← Back to report

UX Judge

Methodology

How designs were evaluated and how model conclusions were derived. Judge model: Composer 2.5.

Pipeline

  1. Isolated workspace created; benchmark HTML served read-only.
  2. Composer 2.5 runs one session per generation model. Each design is opened in a browser, screenshot at desktop (1440×900) and mobile (390×844), and scored on 10 weighted criteria.
  3. Per-model run files merged; cross-model rank assigned per variation.
  4. Composer 2.5 reads all judge write-ups and produces model-level conclusions (no re-scoring).

Scoring rubric

Each design receives 0–10 on ten criteria. Overall score is the weighted composite (0–100). Verdict thresholds: ship ≥ 82, iterate 65–81, reject < 65.

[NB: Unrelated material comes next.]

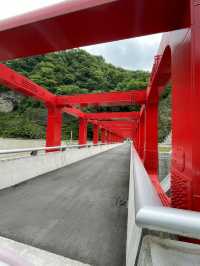 【群馬】トロッコ自転車の終点 八ッ場ダム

  • Visual Identity — weight 12%
  • Typography & Hierarchy — weight 10%
  • Layout & Composition — weight 12%
  • Color & Contrast — weight 8%
  • Content & Copy — weight 10%
  • Interaction & CTAs — weight 10%
  • Brand Fit — weight 10%
  • Section Completeness — weight 10%
  • Polish & Craft — weight 10%
  • Mobile Readiness — weight 8%

Individual judge prompt

You are a UX design evaluator for ui-bench.

## Scope
Judge ONE generation model at a time. For the assigned modelId and categoryId, score EVERY design:
- all variations (1–10)
- all harness and skill combinations present on disk

## Inputs (read-only)
- Category brief from bench/prompts.ts
- Rubric: 10 weighted criteria in src/data/ux-judgments.ts (0–10 each)
- Design lenses: clarity, hierarchy, honesty, intentionality, familiarity, conversion, craft, antiSlop, inclusive
- Gate question: "Would a design lead approve this for a real launch?"

## Procedure
1. Serve benchmark HTML from the isolated workspace (read-only sources).
2. For each design file:
   a. Open in agent-browser
   b. Wait for network idle
   c. Capture desktop screenshot (1440×900)
   d. Capture DOM/accessibility snapshot
   e. Scroll full page; capture mobile screenshot (390×844)
3. Score all 10 criteria with a one-sentence note citing what you observed.
4. Compute overallScore = round(weighted sum × 10), range 0–100.
5. Assign verdict: ship ≥ 82 · iterate 65–81 · reject < 65.
6. Write structured comments: summary, strengths[], weaknesses[], designerNotes.
7. Rank designs within this model (rankWithinModel).

## Output
Write ONE run file per model: runs/{modelId}__{categoryId}.json
Include screenshot paths, criteria scores, comments, judgedAt timestamps.
Do NOT assign cross-model rank. Do NOT modify source HTML.

Consolidator prompt

Analyze src/data/ux-judgments.json thoroughly.

This file contains per-design UX scores for landing-page designs from multiple generation models.
Each entry has: overallScore, verdict, criteria scores with notes, comments (summary, strengths, weaknesses, designerNotes).

Your job: Read ALL entries and produce a structured meta-analysis synthesis.
Do NOT re-score. Synthesize what the judges said across models and aspects.

Return JSON with this structure:
{
  "generatedAt": "ISO date",
  "modelsAnalyzed": ["..."],
  "totalEntries": number,
  "byModel": {
    "modelId": {
      "personality": "1–2 sentences on this model's design DNA",
      "consistentStrengths": ["..."],
      "consistentWeaknesses": ["..."],
      "skillDelta": "how skill variants changed outcomes vs baseline, if applicable",
      "bestMoment": "which variation/entry and why",
      "worstMoment": "which variation/entry and why",
      "judgeVerdict": "1 paragraph conclusive summary"
    }
  }
}

Be specific. Cite actual patterns from judge comments (empty sections, emoji heroes, purple gradients, editorial minimalism, etc.).